# Austin Rail a total waste



## saxman (Jul 31, 2016)

I usually like reading things on Forbes, but I think this guy totally missed the point. But this is the perspective us rail advocates have to deal with a lot.

Discuss:

http://www.forbes.com/sites/scottbeyer/2016/07/29/austins-commuter-rail-is-a-monument-to-government-waste/#38c07a1d4310


----------



## Philly Amtrak Fan (Jul 31, 2016)

For the purposes of commuter rail systems, the advantages IMHO are not having to deal with crowded highways (also an issue with buses) and if parking is limited/expensive. If neither is an issue, I would drive any time for local traffic. I usually drive down to sporting events but usually take SEPTA for visiting center city Philadelphia. I recently took the MTA in New York, the Metro in Washington, METRA in Chicago, and BART in the Bay Area and all are very convenient (good luck finding parking around the Washington Mall or San Fran). Are Austin's roads/parking as crowded as the big three Eastern cities, Chicago, or San Fran? If not, a train would be less beneficial.


----------



## bretton88 (Jul 31, 2016)

To be fair, Capital Metrorail, with its hourly frequency and weird PM only Saturday schedule is a bit of a joke.
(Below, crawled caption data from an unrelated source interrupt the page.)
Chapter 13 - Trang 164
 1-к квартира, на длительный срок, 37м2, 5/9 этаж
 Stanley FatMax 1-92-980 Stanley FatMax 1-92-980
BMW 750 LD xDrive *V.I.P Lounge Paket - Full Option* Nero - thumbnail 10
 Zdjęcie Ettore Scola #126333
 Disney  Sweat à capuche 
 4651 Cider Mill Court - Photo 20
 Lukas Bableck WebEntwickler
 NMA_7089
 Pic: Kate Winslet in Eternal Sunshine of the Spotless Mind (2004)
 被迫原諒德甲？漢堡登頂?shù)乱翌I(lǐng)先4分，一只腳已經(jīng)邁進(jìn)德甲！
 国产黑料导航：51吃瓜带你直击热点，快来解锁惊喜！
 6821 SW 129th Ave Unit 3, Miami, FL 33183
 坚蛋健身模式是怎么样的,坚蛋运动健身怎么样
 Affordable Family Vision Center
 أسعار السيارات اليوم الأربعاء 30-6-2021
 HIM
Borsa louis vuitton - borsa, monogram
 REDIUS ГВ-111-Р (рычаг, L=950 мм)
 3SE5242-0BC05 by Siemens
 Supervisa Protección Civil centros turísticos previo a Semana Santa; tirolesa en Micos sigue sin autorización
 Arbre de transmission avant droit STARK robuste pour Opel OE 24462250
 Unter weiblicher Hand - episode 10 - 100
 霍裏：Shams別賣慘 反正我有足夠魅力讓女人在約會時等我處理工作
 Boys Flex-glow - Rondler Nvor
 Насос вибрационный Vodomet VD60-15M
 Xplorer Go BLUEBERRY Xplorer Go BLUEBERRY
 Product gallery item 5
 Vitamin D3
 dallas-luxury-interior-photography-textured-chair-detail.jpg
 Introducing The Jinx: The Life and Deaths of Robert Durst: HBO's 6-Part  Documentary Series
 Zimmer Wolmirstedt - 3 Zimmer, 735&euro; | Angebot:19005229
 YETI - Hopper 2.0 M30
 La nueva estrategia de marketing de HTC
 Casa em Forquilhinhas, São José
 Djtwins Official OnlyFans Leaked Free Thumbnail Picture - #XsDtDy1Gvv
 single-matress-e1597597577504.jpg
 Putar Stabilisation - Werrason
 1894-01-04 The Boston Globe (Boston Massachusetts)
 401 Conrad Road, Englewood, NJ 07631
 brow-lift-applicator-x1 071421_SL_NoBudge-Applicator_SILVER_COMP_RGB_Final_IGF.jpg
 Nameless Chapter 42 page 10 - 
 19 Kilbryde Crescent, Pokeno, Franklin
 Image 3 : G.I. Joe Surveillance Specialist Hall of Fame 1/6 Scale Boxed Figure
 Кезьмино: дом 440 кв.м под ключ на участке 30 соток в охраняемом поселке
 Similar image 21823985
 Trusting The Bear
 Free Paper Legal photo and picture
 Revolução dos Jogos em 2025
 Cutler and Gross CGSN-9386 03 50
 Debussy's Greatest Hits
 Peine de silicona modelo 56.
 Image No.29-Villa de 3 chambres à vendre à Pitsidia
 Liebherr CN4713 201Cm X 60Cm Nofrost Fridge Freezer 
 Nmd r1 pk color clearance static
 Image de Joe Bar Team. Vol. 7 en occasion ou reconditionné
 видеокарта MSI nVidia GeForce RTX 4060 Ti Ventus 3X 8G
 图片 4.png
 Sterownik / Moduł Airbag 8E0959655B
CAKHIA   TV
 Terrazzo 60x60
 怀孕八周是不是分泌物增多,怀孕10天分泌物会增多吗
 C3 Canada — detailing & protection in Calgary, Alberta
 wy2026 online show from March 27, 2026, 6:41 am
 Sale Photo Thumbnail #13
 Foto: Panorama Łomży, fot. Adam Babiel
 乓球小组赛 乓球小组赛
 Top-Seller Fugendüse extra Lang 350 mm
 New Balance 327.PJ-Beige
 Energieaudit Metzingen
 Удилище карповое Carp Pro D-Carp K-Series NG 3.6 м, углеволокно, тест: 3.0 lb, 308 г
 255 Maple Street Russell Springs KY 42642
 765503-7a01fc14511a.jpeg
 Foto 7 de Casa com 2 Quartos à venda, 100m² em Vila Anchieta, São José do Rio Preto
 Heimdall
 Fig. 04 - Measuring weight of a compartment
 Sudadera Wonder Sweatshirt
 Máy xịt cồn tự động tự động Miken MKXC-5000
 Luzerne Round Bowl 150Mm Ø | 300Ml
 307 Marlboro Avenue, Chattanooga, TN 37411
It didn't help that he was in town on a Saturday.


----------



## RichardK (Jul 31, 2016)

Even though Austin has some traffic problems, it is still fairly easy to get around by car. These type of commuter rails systems work better in densely populated, large urban centers where commuting by car is difficult, if not impossible. The whole idea of running a train from Austin to Leander through sparsely populated areas, hoping to spur development, is a waste of money.


----------



## Bob Dylan (Aug 1, 2016)

I live here in Austin and have to say that I think that the guy nailed it when it comes to Cap Metro and the Red Line! YMMV


----------



## brianpmcdonnell17 (Aug 1, 2016)

I completely disagree with him about rail transit systems in other cities being failures and his statement that anybody with enough money will use a car is completely false. Having urban rail transportation is a must in any city I live in, no matter how much money I make. I hate the idea of having a car when I can live in a city where I train can get me virtually everywhere. Unfortunately this limits me to Boston, Chicago, Dallas, Denver, Los Angeles, New York, Philadelphia, Portland, San Francisco, and Washington.


----------